Environmental Discourses and the Spread of Multilingual (Dis)information in Social Networks

Application period: 11 June – 10 August, 2026

Research project description

User‑generated content on social media offers an exceptionally large and diverse source of empirical data for examining environmental discourse in multilingual contexts. Social media data make it possible not only to investigate how people use linguistic and discursive resources to discuss environmental phenomena and climate‑smart solutions, but, when combined with metadata on time, location, and interaction patterns, also to observe how messages spread, how they relate to one another, and which communities engage with them. Together, these data enable detailed analyses of the circulation of discourses, information, and disinformation within social networks.

This project seeks a doctoral candidate interested in how environment‑related discourses circulate within digital social networks. The main objective of the doctoral project is to investigate how discourses and (dis)information about climate, the environment, and climate‑smart solutions spread in digital social media networks. The work will also incorporate multilingual perspectives, including tracing how concepts travel across linguistic communities and linguistic borders. The specific concepts and analytical focus will be defined during the planning phase, but they should align with the core themes of the doctoral school.

The selected candidate will work with large‑scale datasets consisting of user‑generated social media content enriched with metadata. These data are time stamped and include social network information,w enabling the candidate to trace how concepts emerge, evolve, and circulate across communities over time. Altogether, the datasets comprise approximately 40 billion words produced by hundreds of thousands of accounts worldwide.

Academic background and skills of the applicant

An ideal candidate holds a master’s degree in linguistics (general or any of its subfields), in computational linguistics, translation studies, or a closely related field relevant to the study of language. They should be comfortable working with large‑scale datasets using computational tools such as R or Python, while also possessing strong expertise in the nuances of language use. Excellent written and oral communication skills in English are essential for the position, and the selected candidate must fulfill the language skills requirements of the Doctoral Programme of the Philosophical Faculty at UEF (see https://www.uef.fi/en/degree-programme/doctoral-programme-of-the-philosophical-faculty (Admission criteria)).  The ability to conduct linguistic analysis in more than one language is considered an advantage. The project provides access to digital infrastructure and technical support; prior experience with high‑performance computing is an advantage but not required.

Doctoral programme and research group

Doctoral education in the University of Eastern Finland is arranged in seven discipline specific or thematic doctoral programmes. This research project will be located in the Doctoral Programme of the Philosophical Faculty, and the submitting department is the School of Humanities.

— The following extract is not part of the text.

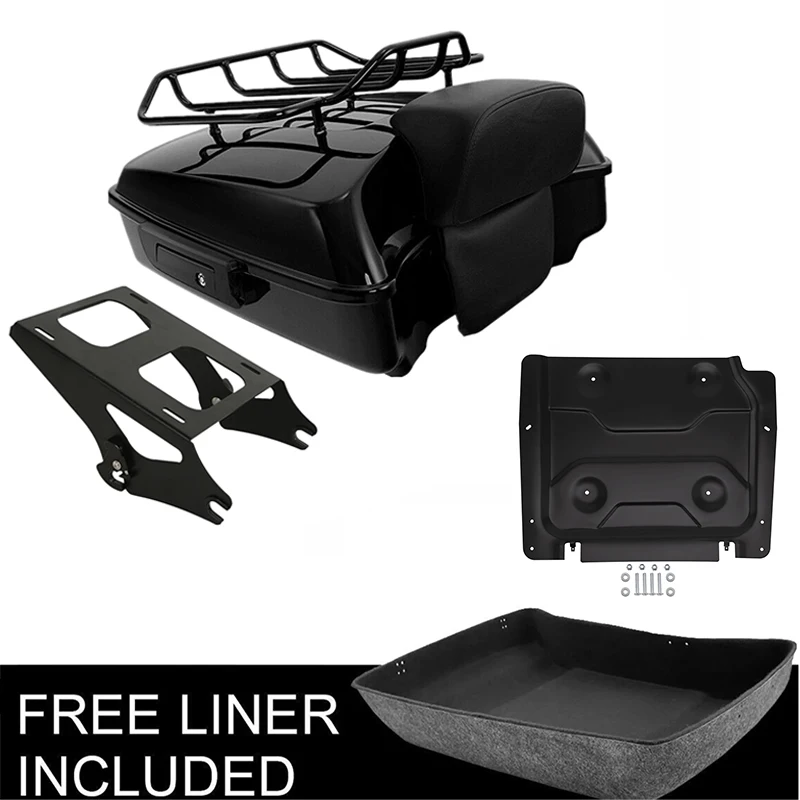 Motorcycle Chopped Trunk Backrest Mount Rack For Harley Touring Electra Glide Road Glide 2014-2025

Depending on the orientation, the student finds peer group from the projects by the supervisors. These include three Research Council of Finland-funded projects: COMET (Weak-tie Hypothesis in Complex Digital Networks) and FIN-CLARIAH (the Common Language Resources and Technology Infrastructure), a state-of-the-art lighthouse infrastructure funded by the Research Council, as well as the DECA (Democratic Epistemic Capacities in the Age of Algorithms) project consortium funded by the Strategic Research Council established within the Research Council of Finland.

Partners / Secondments

University of Porto, Centre for Linguistics (CLUP), hosted by Assistant Professor Rui Sousa-Silva.

University of Birmingham, Department of Linguistics and Communication, hosted by Prof. Jack Grieve

Other interdisciplinary, international and/or intersectoral collaboration

This project involves potential collaboration with Language Technology & Data Analysis Laboratory, University of Queensland, Dr. Martin Schweinberger (https://ladal.edu.au/) and the national DECA project consortium (https://www.decatutkimus.fi/home) formed by researchers from the fields of media, communications and journalism research, social psychology, sociology, law, translation studies and IT.

Intersectoral and interdisciplinary collaboration is strengthened through DP-FOBI’s three summer schools involving academic supervisors, non-academic partners, and other stakeholders, enabling hands-on interaction and knowledge exchange.